SOUCHERAY: Kids need roots and wings to grow, learn
The common adage of giving our children roots and wings, particularly at the time of year when all sorts of graduations occur, is prolifically proposed.By: Kate Soucheray, Woodbury Bulletin
The common adage of giving our children roots and wings, particularly at the time of year when all sorts of graduations occur, is prolifically proposed. Whether our child is graduating from pre-school, middle school, senior high, college, graduate school or medical school, we read or hear this admonition to provide the stability of roots and the permission to fly with wings like eagles. This seems like a very tall order to fulfill, particularly when parents have other children, elderly parents to assist, as well as careers to maneuver and manage. How do we provide roots and wings?
Providing roots and wings may seem like an oxymoron at the least and an impossibility at the most. How does a family offer its young people a sense of groundedness, as well as the freedom to discover his or her innermost desires? It seems this lies in our ability as the parents to understand what is most important to us as a family and then to adequately convey this to our children.
We were blessed last week to have our married daughter come home for a few days while her husband was on a school trip with his class. She moved back in to her old room, complete with their cat! But that’s another story. Our older son was off from work that day and our youngest son, who is home from college for the summer, all gathered in the kitchen just as I had gotten home from work.
“What’s for supper?” was the question posed to me by all three of them as I walked in and set down my purse and bag. This hearty bunch would need a quick and filling meal before the boys headed out to play in their softball league, so a quickly put together meal of spaghetti and meatballs, with breadsticks and salad rounded out a nutritious and satisfying dinner.

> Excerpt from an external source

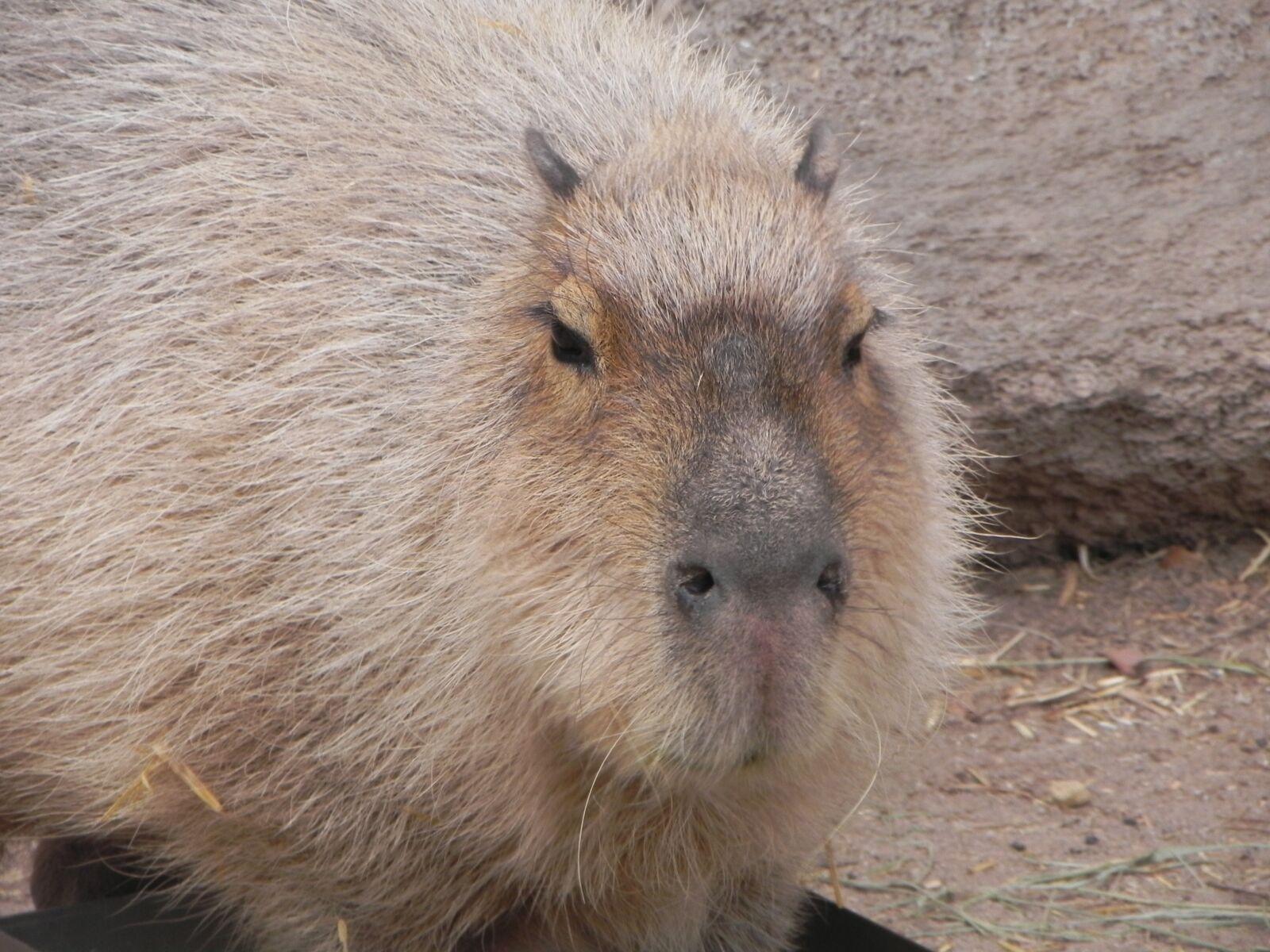 Nikon Coolpix P100 sample photo. Capybara, rodent, albuquerque zoo photography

As we ate at the kitchen counter, where the three of them sat when they were young, I was struck by how much they had all grown, but also by how connected they were to each other, in spite of the adventures each was experiencing in life. The kitchen counter and the meal seemed to provide a sense of roots for them.
The family home and the predictable family supper had once again come to the fore. The meal fare of spaghetti was filling and nourishing, providing them with sustenance to meet the challenges they would face that evening. That simple encounter with each other, sharing a meal and laughing together, seemed to provide the wings for them, as well.
That sense of predictability and accountability, however boring and unexciting it might appear is what actually what allows the wings to grow. For without the knowledge that they can count on the stability that someone is in charge and knows what to do to give them nourishment, a child – no matter the age – will continue to seek to know that all is well.
A child, again no matter the age, benefits from his or her parents providing the stability of what is needed next. Whether that child is graduating from preschool and needs a nap or a senior graduating from high school and heading off to college in a few months and needs the car keys, it is for us as the parents to recognize those needs and accommodate them to the best of our ability.
This requires that we are in the game with our children as fully as possible, that we are paying attention to their needs, as well as listening to our own wisdom, and doing what we can to provide the best for our children.
This is truly the art of parenting. It is where the creative, interesting and enriching experiences lie for us. It is also here that we are able to provide the roots and wings for our children. And just like our brood returning home for a serendipitous meal of spaghetti and meatballs last week, we have to be light on our feet, expect the unexpected and be ready to offer what is needed most at that moment.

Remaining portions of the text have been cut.